Na véspera do seu principal Torneio de Candidatos, que começa em Chipre, a entidade mundial do xadrez, FIDE, tem uma profunda reflexão a fazer. Isso é claro.
Na sexta-feira, o Tribunal Arbitral do Esporte (CAS) fez uma intervenção espetacular em uma disputa que ameaça dividir a FIDE desde que a Rússia iniciou sua invasão da Crimeia em 2014.
Por 12 anos, a Federação de Xadrez da Rússia (CFR) tem, segundo o CAS, organizado ilegalmente eventos de xadrez sob a bandeira russa em territórios ocupados por tropas russas, primeiro na Crimeia e depois, a partir de 2022, nas áreas de Donetsk, Luhansk, Kherson e Zaporizhzhia.
A Federação Ucraniana de Xadrez e seus apoiadores, que incluem o GM Peter Heine Nielsen, têm sido veementes em seus protestos e apresentaram uma queixa formal em 2023 alegando violação da soberania ucraniana.
A FIDE decidiu ostensivamente a seu favor, concordando que seus estatutos haviam sido violados, mas deu ao seu membro russo uma suspensão de dois anos que foi reduzida em recurso a uma mísera multa de €45.000. A punição foi considerada nada menos que um acobertamento pelos ativistas.
Na sexta-feira, o CAS foi direto ao cerne da disputa. Em um ultimato contundente entregue à Federação de Xadrez da Rússia (CFR), o tribunal substituiu a leve punição da FIDE por uma exigência de que a Rússia cesse imediatamente de organizar eventos e de exercer controle na Ucrânia ocupada.
O não cumprimento dentro de 90 dias resultará em uma suspensão de até três anos.

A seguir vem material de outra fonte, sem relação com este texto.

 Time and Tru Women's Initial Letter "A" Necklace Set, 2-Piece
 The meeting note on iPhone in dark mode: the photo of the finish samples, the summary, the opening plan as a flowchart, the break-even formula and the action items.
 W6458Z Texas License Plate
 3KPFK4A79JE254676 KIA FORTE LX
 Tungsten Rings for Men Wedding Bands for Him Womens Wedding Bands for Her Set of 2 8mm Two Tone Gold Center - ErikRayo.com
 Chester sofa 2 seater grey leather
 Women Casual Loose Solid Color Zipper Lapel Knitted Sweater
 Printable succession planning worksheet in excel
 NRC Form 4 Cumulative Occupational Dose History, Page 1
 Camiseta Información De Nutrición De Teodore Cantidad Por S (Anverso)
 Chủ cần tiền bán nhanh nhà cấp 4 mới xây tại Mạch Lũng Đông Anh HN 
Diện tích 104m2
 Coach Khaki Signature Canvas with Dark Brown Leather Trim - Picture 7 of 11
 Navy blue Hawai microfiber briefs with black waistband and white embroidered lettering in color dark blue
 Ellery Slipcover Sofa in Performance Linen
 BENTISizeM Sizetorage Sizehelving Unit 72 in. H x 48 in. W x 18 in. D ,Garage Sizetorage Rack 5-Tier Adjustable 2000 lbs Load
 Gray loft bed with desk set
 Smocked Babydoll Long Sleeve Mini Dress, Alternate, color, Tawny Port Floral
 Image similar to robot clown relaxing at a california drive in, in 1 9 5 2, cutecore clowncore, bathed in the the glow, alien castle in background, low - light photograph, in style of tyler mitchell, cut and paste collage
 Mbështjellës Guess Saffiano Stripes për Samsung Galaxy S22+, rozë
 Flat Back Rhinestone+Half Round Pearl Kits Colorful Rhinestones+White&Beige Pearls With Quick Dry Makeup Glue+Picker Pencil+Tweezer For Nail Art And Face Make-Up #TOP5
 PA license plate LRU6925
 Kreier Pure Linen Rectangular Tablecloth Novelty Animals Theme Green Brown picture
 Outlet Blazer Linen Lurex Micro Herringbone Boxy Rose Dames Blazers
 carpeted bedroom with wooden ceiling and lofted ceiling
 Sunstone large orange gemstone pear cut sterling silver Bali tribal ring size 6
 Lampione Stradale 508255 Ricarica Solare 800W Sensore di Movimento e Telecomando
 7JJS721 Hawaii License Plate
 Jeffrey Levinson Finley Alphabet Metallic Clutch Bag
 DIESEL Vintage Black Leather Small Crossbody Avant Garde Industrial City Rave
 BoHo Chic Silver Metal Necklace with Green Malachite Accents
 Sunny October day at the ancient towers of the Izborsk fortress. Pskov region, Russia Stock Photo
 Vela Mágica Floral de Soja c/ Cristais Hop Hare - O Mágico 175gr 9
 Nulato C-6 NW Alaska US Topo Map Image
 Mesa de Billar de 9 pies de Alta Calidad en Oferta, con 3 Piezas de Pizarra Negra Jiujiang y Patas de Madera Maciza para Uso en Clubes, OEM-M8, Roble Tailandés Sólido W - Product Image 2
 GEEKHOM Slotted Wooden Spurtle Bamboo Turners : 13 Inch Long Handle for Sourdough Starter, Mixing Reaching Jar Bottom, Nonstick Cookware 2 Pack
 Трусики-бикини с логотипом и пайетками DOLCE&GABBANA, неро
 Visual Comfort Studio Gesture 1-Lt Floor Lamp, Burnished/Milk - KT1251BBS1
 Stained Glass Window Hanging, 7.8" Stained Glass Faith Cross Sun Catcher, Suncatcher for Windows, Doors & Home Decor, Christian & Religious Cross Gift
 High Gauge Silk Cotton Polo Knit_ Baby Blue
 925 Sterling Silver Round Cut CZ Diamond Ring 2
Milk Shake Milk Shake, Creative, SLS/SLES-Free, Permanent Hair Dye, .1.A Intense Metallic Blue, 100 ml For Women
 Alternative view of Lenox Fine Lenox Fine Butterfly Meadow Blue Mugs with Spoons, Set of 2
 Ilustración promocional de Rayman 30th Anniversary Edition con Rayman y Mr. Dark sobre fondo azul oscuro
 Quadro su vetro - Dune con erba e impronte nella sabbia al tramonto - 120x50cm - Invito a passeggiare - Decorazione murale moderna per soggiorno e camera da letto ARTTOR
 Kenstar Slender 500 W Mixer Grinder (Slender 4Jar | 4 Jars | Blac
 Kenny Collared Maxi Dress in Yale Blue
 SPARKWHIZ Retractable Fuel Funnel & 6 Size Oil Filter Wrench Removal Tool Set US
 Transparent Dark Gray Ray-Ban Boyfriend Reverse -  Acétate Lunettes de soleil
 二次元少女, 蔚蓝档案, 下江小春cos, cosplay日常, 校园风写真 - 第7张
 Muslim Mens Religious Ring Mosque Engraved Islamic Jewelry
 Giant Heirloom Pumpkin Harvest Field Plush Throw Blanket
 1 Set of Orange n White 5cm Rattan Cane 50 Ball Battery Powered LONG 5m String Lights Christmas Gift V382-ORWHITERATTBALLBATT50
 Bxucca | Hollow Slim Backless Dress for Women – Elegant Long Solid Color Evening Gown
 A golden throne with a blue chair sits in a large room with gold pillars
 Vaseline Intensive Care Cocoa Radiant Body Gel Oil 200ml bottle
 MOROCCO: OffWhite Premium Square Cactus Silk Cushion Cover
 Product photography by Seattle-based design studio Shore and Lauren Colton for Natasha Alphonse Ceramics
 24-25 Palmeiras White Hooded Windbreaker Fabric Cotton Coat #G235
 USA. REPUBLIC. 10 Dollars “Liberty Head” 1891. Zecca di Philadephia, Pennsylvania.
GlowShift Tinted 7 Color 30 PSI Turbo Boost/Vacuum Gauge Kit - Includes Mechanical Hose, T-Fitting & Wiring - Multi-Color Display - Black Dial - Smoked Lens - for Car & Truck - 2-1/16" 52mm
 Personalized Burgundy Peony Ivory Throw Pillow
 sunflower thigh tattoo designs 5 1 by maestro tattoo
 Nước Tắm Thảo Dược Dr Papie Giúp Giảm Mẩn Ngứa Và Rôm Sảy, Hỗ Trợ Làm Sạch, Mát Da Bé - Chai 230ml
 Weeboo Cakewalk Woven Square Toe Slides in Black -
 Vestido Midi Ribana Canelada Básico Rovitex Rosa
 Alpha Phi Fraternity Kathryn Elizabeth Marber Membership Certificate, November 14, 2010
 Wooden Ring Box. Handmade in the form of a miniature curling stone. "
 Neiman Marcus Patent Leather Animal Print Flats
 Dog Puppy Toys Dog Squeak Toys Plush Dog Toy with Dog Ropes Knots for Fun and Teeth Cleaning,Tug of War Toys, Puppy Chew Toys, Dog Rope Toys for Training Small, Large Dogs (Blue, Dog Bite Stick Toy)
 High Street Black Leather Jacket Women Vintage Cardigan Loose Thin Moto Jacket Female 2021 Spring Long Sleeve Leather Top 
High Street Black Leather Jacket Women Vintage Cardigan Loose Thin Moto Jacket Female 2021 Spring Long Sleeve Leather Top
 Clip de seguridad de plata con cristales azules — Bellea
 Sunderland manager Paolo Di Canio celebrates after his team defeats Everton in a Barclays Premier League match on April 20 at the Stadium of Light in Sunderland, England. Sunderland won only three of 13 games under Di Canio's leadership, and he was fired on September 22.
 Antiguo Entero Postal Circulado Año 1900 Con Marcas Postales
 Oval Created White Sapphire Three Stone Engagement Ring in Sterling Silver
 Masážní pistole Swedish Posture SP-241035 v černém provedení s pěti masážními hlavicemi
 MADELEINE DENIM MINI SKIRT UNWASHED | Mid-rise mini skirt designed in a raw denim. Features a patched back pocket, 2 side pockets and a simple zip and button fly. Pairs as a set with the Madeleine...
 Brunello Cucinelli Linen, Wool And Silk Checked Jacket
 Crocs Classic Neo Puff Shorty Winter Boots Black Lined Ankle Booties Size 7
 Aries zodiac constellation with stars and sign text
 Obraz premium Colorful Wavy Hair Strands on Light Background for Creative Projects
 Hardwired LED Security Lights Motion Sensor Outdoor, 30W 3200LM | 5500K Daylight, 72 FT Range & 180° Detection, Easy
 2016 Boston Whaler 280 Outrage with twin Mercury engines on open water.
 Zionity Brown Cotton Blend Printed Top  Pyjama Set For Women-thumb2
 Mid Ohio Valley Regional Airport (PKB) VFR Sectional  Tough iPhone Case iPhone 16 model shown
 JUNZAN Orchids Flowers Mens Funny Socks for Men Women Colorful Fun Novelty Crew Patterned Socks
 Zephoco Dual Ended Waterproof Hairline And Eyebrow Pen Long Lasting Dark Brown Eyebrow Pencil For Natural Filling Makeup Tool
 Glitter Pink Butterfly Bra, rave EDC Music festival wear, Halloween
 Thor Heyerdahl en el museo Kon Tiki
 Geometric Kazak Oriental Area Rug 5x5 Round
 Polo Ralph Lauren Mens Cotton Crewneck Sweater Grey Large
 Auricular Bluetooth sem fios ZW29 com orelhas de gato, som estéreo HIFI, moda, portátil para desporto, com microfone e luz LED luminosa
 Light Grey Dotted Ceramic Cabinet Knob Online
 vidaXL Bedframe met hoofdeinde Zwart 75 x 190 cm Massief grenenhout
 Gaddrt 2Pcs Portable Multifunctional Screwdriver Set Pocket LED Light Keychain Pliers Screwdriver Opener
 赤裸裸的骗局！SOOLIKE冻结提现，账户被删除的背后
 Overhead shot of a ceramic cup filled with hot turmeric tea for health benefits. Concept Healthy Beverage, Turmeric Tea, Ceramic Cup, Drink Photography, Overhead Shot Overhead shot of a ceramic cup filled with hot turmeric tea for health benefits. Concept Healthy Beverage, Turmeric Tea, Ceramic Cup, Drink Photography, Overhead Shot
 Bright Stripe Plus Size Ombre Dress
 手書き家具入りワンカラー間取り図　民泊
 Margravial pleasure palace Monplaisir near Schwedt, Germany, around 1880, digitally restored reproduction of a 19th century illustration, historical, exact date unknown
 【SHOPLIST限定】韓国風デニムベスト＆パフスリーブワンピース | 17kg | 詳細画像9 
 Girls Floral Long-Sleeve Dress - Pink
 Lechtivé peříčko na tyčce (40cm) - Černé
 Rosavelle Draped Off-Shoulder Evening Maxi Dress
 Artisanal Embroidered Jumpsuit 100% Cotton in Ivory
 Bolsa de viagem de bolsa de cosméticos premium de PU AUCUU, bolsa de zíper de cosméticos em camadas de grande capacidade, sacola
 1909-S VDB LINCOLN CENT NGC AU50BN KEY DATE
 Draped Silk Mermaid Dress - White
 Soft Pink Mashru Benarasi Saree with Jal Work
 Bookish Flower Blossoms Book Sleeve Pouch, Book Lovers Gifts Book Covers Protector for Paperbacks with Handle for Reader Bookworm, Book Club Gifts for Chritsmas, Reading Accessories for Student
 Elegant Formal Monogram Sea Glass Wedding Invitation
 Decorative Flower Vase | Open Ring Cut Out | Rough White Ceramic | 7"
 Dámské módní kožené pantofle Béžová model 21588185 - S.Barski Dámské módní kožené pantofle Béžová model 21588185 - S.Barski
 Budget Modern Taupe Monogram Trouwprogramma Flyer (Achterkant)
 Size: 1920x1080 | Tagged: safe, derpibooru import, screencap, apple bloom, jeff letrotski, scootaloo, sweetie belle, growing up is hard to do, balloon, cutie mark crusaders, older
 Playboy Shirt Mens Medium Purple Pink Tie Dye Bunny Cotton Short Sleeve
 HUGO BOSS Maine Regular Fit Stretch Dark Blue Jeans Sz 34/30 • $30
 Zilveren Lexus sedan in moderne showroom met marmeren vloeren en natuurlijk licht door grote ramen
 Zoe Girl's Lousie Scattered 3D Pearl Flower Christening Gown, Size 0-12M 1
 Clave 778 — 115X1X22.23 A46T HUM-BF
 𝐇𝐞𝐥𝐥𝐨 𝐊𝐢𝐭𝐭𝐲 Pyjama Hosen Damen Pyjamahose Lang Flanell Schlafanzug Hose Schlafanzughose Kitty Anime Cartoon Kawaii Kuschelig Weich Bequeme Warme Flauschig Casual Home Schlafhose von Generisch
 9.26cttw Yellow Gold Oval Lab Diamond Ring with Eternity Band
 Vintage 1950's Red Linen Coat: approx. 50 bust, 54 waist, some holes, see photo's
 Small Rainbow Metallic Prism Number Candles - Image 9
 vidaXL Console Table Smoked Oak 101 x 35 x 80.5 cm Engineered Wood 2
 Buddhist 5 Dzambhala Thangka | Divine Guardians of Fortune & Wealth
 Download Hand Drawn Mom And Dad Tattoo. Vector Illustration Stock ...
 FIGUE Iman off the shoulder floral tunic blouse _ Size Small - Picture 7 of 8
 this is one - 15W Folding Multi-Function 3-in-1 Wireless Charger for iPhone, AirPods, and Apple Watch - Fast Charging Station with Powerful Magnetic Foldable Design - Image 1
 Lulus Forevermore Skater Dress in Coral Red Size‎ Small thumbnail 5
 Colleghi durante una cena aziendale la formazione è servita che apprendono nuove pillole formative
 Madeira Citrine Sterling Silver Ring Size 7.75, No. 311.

É um desenvolvimento extraordinário que será visto por muitos comentaristas de xadrez como uma supervisão bem-vinda para a FIDE dominada pela Rússia. Em Moscou, a perspectiva de uma Rússia sem uma federação de xadrez reconhecida internacionalmente será impensável.
A decisão, datada de 11 de março, mas publicada na sexta-feira, coloca a FIDE, cujo presidente Arkady Dvorkovich é um ex-político russo próximo ao Kremlin, em—usando o jargão do xadrez—um sério caso de zugzwang.
A FIDE rapidamente reconheceu a decisão, com uma declaração provisória: "A FIDE estudará cuidadosamente os detalhes e realizará consultas com consultores jurídicos suíços e a Comissão Constitucional da FIDE, a fim de determinar as medidas apropriadas para implementação de acordo com a Carta da FIDE."
A federação acrescentou: "A FIDE permanece totalmente comprometida em respeitar as decisões do Tribunal Arbitral do Esporte e agir em total conformidade com a Carta e os regulamentos da FIDE."
Mas após o desenvolvimento de sexta-feira, a FIDE tem que agir.